Human thought does not stand still: sequencing methods are constantly improving. However, almost all modern methods produce relatively short reeds, from 100 to 400 nucleotides; in this cycle we will mainly talk about how to collect exactly short reeds.

Sanger or Illumina?

The human genome was first assembled on Sanger sequencers, and the algorithmic side of that project was worked out much less than it is now, ten years later. The algorithms used to assemble the first human genome are much simpler than those we will talk about later. However, the first genome was collected after all; maybe all algorithmic progress is an unnecessary myth, and old programs would be enough?

Incredibly, but a fact: the "old" sequencers (first generation, Sanger) give out much more suitable data for assembly than the "new" (second generation). This is mainly expressed in the length of the reads, those sections of DNA that can be read sequentially, and which, in fact, need to be collected into one big line. The first generation sequencers produced reeds of more than five hundred nucleotides in length, usually about a thousand. Modern sequencers produce pairs of reads, each of which has a length of about one hundred nucleotides.

Why use second-generation sequencers at all, what are they better for? The reason here, as it often happens in science and even in medicine, is purely economic: modern sequencers are much cheaper. The project to assemble the first human genome, completed in 2003, took 13 years and cost $3.8 billion. Since then, the price of sequencing has decreased exponentially; "Moore's law in genetics" works even faster than usual, and reduces the price every two years by almost an order of magnitude, so that when the genome of Gordon Moore himself was sequenced in 2010, it cost only about $10 thousand. New sequencing technologies promise to learn how to process the human genome for $1,000 or even less, which opens up opportunities for mass sequencing for medical purposes.

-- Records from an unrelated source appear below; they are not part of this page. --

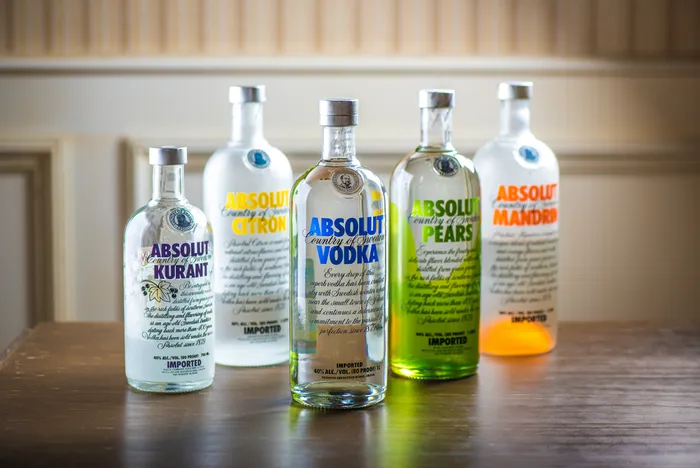Various Absolut Vodka bottles: Kurant, Citron, Vodka, Pears, Mandarin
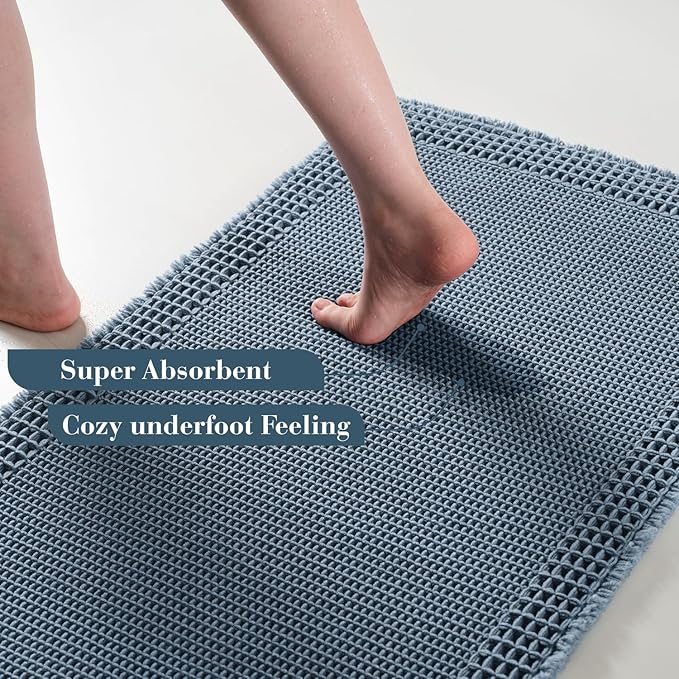 RESARE Waffle Bath Mat - Super Absorbent Non Slip Machine Washable Boho Bath Rugs with Tassels, Upgraded Bordered Design, 17"x24" Blue
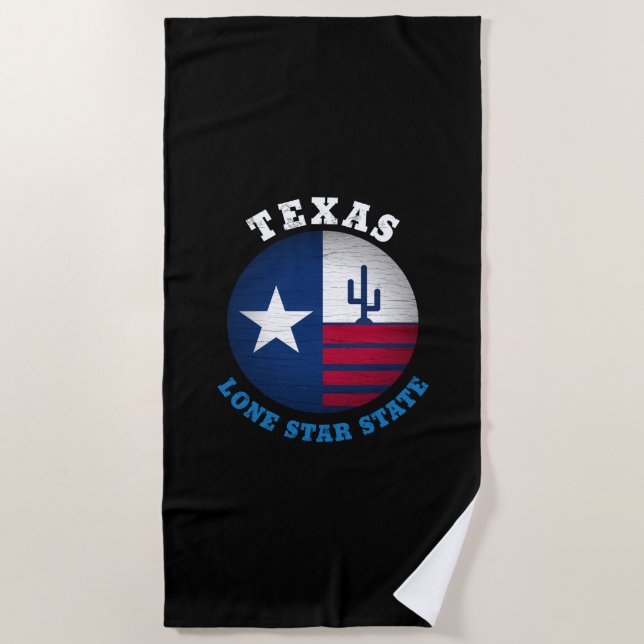 TOALLA DE LA PLAYA DE LA BANDERA ESTATAL TEXAS LON (Anverso)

At this level, the price of the algorithmic side of the issue becomes important. To ensure that the assembly of genomes does not take longer and does not cost more than their sequencing itself, it is necessary to develop very fast algorithms to solve the assembly problem. This will be discussed in the next article.

Literature:

Phillip E. C. Compeau, Pavel A. Pevzner. Genome Reconstruction: A Puzzle with a Billion Pieces. In Bioinformatics for Biologists.
Pevzner P.A., Tang H., Waterman M.S. An Eulerian path approach to DNA fragment assembly. Proc. Natl. Acad. Sci. USA, 98(17):9748-9753, 2001.
M.C. Schatz, A.L. Delcher, S. Salzberg. Assembly of large genomes using second-generation sequencing. Genome Research, 20(9):1165-1173, 2010.
M.Chaisson, P. Pevzner, H. Tang. Fragment assembly with short reads. Bioinformatics 20 (13): 2067-2074, 2004.

Portal "Eternal youth" http://vechnayamolodost.ru 19.02.2013

Genome sequencing for dummies

Genomics: problem statement and sequencing methods

Related posts

Mikhail Gelfand: "Science benefits by its very existence"

AstraZeneca and Yandex will create a platform for cancer diagnosis

A recipe written in your genes

Artificial Intelligence made in China

What will genomic technologies lead to?